The disdainful look he gave her provided the answer.With the small wooden stage erected close by, this village was clearly prepared for a fiesta. It would be the first that Mercedes had seen for many months and even if the religious connotations meant little, the ritual, music and dancing had their own vibrancy. She would not be able to resist it.
‘It’s the feast of San José!’ he said. ‘Didn’t you know?’

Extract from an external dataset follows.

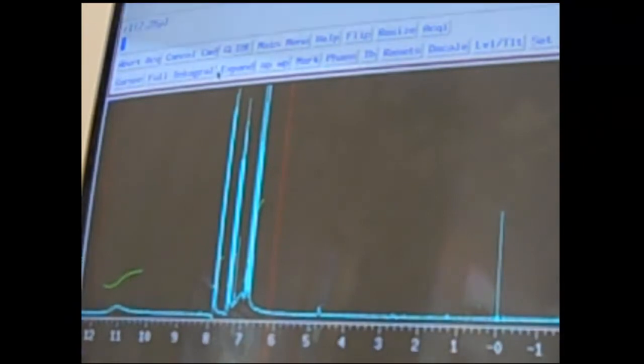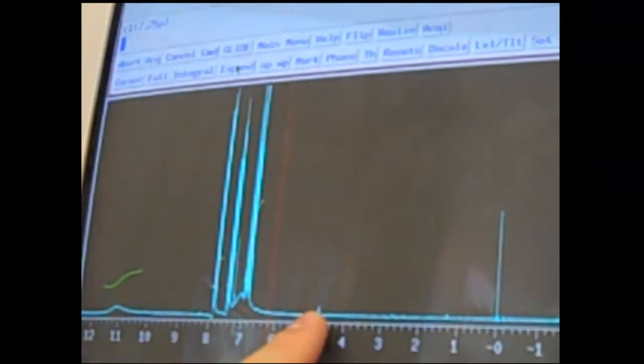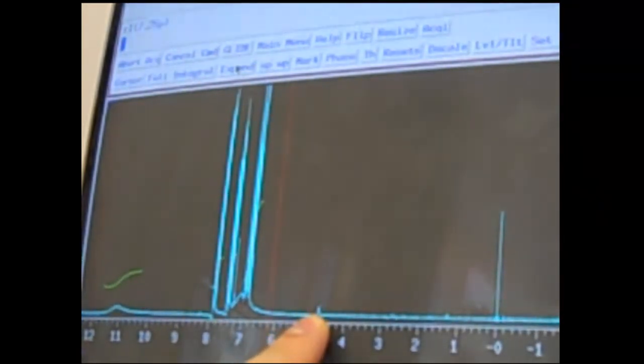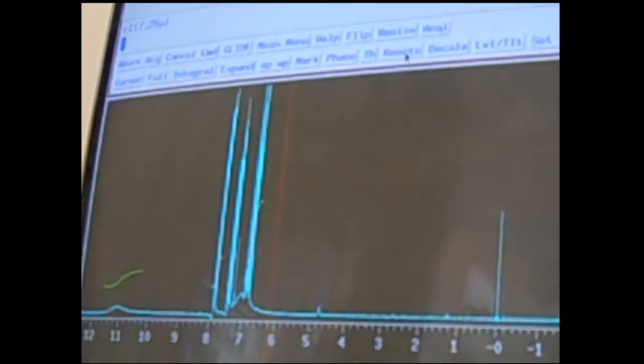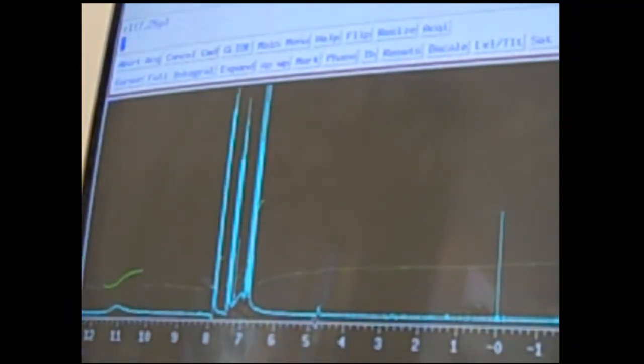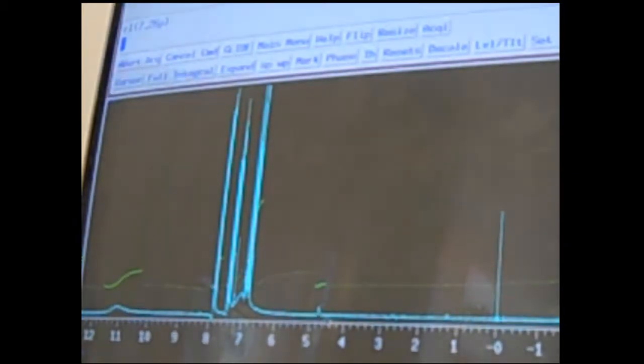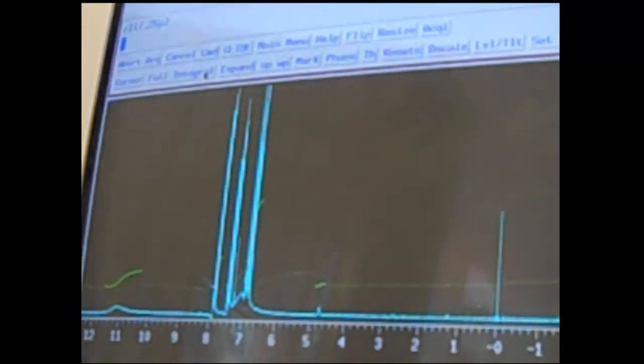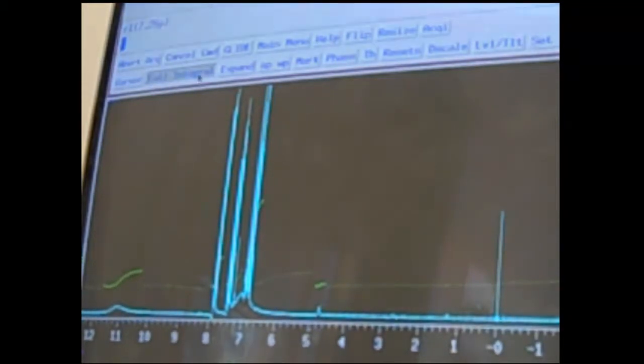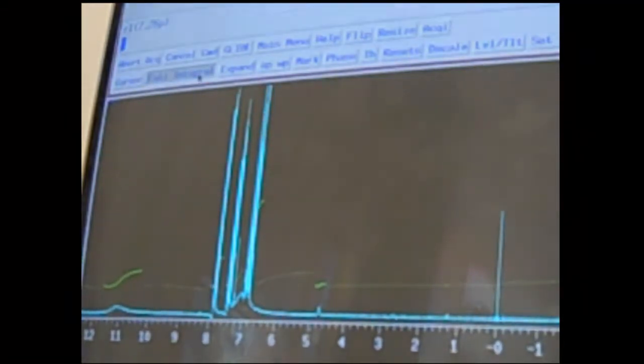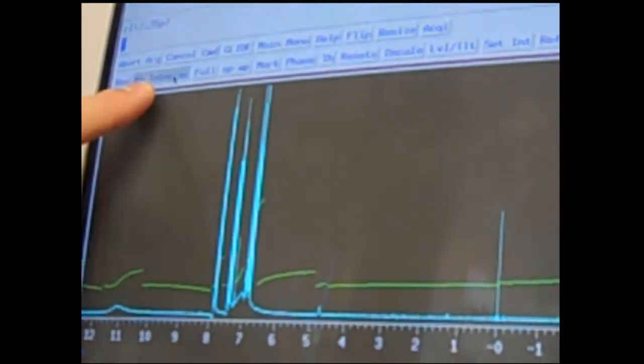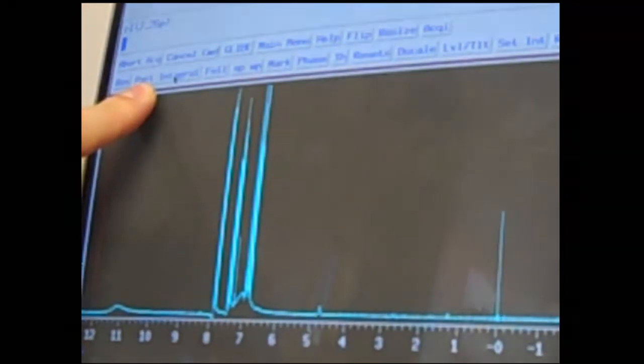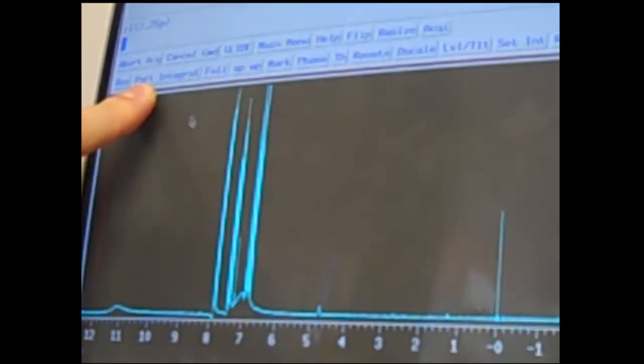Now everything is integrated, and I can go out to my full spectrum by clicking on full. If there are small trace impurities, like this small peak right here, you're welcome to also integrate that by clicking resets again and then left-clicking on both sides of that peak. When you're finally done integrating, click the integral buttons back to partial integral.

Later on in the evening, she saw the young guitarist again, along with an older man, seated on chairs at the edge of the stage. It was around eight o’clock now, and it was the first evening of the year when there had been some warmth left in the air at this time. At which precise moment the stage of gently tuning up turned into the beginning of the
alegrías
, it was hard to tell, but applause rippled across the crowd.

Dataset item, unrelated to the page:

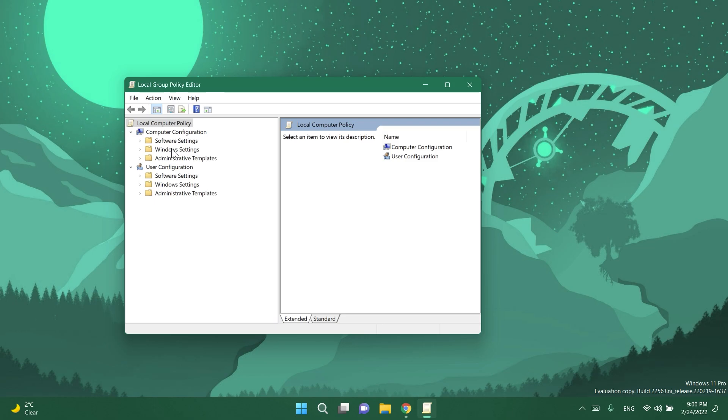Microsoft is also releasing a new group policy for managing Windows update notifications. So starting with this build you will finally be able to turn off all Windows update notifications that might distract your day-to-day work and this group policy can be found in the local group policy editor.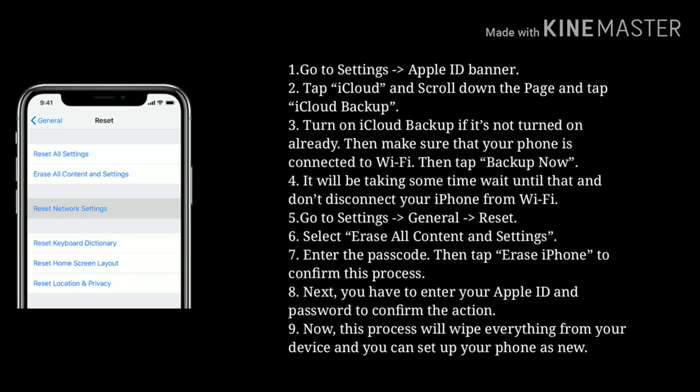Now follow the instructions to factory reset your device. Go to Settings, then tap on General. Next tap on Reset. Now select Erase All Content and Settings. Enter the passcode, then tap Erase iPhone to confirm. Next you have to enter your Apple ID and password to confirm this action. This process will wipe everything from your device and now you can set up your iPhone as new.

The rhythms of the music seemed to come from opposing directions, working against each other and merging again like currents at the confluence of two rivers. Father and son made music that intertwined.They crossed over each other, blended and receded again, pulling back in their original direction.There were sublimely pleasing moments when the two instruments made the sound of one and then moved away from each other back to their own melody. Even the discords seemed harmonious, minor and major chords sometimes engaging in polite collision.
Mercedes sat close by, patting her knee as she caught the rhythm, and smiled. This music was something sublime. For a while the strife-ridden outside world ceased to exist.
When this heavenly performance finished, the father looked up to catch Mercedes’ eye. It was her turn. When she had spoken to the older guitarist earlier in the evening, she had learned that he and his son were also outsiders. They had left Sevilla a few months earlier and were biding their time until they returned. It seemed too dangerous at present.
‘They’ll be pleased to see someone dancing true flamenco!’ he had said smilingly, showing a huge gap between his front teeth.
On the small wooden stage, where both boys and girls and one or two older women had already performed, Mercedes’ dance turned into something much more than the usual display of passion and strength that characterised flamenco. The primitive power of her gestures reached out to the audience. There were mutterings of ‘
Olé
’ from both men and women, who were astonished by this magnificent dancer. The
guitarristas
may have made them forget, but Mercedes reminded them that their country was being torn apart. Her movements embodied the anguish they all felt when they thought of the guns and cannons that were being turned against them. After dancing for twenty minutes, she had no more to give. Her final stamp, planted with a mighty ‘crack’ on the wooden boards, was an unmistakable gesture of defiance. ‘We will not submit’ it seemed to say and the audience erupted into applause.